There's a single moment in "Virunga," a remarkable documentary filmed in and around the titular Congo national park, that says so much about this film, about 21st century Africa and, really, about humanity itself.

A man sits on the ground and loads a gun as rebels advance on the facility where he cares for the park's orphaned gorillas. The animals are everything to him, he says, and he's prepared to die to protect them.

This film, by Orlando von Einsiedel, encapsulates the eternal struggle on the African continent between those who would colonize it and those for whom it is home.
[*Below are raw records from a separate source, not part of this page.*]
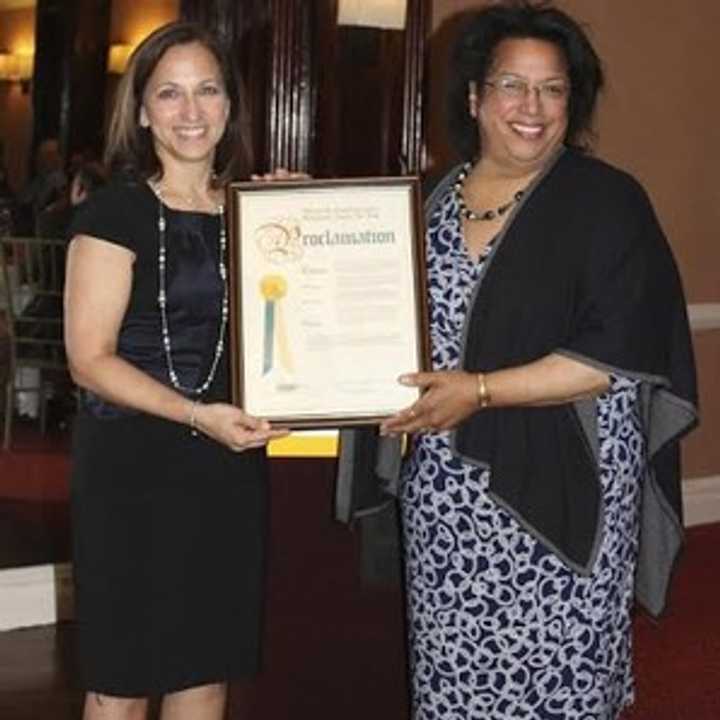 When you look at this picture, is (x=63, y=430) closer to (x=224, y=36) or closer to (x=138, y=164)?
(x=224, y=36)

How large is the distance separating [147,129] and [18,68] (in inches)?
76.1

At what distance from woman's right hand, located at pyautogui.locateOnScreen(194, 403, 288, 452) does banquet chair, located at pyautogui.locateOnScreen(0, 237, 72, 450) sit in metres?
2.20

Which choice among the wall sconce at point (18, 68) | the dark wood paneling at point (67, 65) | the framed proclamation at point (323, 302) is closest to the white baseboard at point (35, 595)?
the dark wood paneling at point (67, 65)

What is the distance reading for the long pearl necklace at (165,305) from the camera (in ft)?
8.21

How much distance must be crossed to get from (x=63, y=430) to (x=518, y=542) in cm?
248

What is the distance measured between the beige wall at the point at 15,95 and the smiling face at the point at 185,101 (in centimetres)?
195

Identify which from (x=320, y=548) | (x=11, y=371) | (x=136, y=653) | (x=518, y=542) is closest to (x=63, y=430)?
(x=11, y=371)

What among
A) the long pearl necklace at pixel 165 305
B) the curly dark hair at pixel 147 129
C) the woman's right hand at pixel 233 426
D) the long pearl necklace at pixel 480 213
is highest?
the curly dark hair at pixel 147 129

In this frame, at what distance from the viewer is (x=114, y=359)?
2.47m

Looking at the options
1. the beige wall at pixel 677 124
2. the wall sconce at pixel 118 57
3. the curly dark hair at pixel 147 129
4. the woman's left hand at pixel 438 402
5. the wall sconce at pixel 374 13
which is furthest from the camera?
the beige wall at pixel 677 124

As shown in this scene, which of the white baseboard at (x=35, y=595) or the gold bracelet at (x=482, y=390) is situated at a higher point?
the gold bracelet at (x=482, y=390)

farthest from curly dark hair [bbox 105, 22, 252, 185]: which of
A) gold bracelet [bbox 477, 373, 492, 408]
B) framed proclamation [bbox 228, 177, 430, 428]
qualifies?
gold bracelet [bbox 477, 373, 492, 408]

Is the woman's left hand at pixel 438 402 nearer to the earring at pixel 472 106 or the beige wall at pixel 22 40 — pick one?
the earring at pixel 472 106

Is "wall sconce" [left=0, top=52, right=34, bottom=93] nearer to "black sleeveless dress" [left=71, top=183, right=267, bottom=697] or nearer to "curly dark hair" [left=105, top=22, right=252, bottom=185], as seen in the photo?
"curly dark hair" [left=105, top=22, right=252, bottom=185] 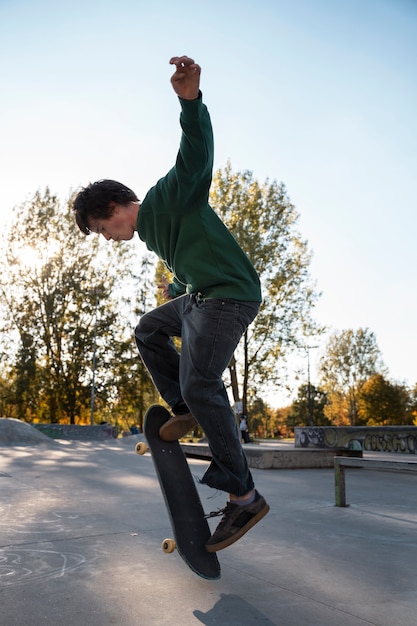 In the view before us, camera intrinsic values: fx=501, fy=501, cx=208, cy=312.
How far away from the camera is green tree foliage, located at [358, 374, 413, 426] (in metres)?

It is a frontlines portrait of the steadfast efforts of conservationists in Virunga as they stave off the encroaching forces of poachers and multinational corporations that seek to exploit the land and mine it for its resources, as so many have in so many different ways throughout history.

The movie argues that Virunga represents nothing less than a last bastion in the struggle for a distinct Congolese identity; it's a national treasure, one of the world's only remaining habitats for mountain gorillas, and warrants the sort of protection and devotion espoused by the caretaker.

The picture takes a sprawling approach to the subject in a bid to illustrate the deeply entangled forces of corruption eating away at the state. There are sweeping, epic shots of Virunga's landscape and wild life and intimate and playful scenes between caretakers and their charges interwoven alongside undercover footage recorded by a journalist out to dinner with a SOCO oil official and combat scenes depicting the rebel advance on the park.

The conflict in the Congo, as depicted here, is more than your everyday fight. It's a war for the soul of this place, on powerful, urgent display.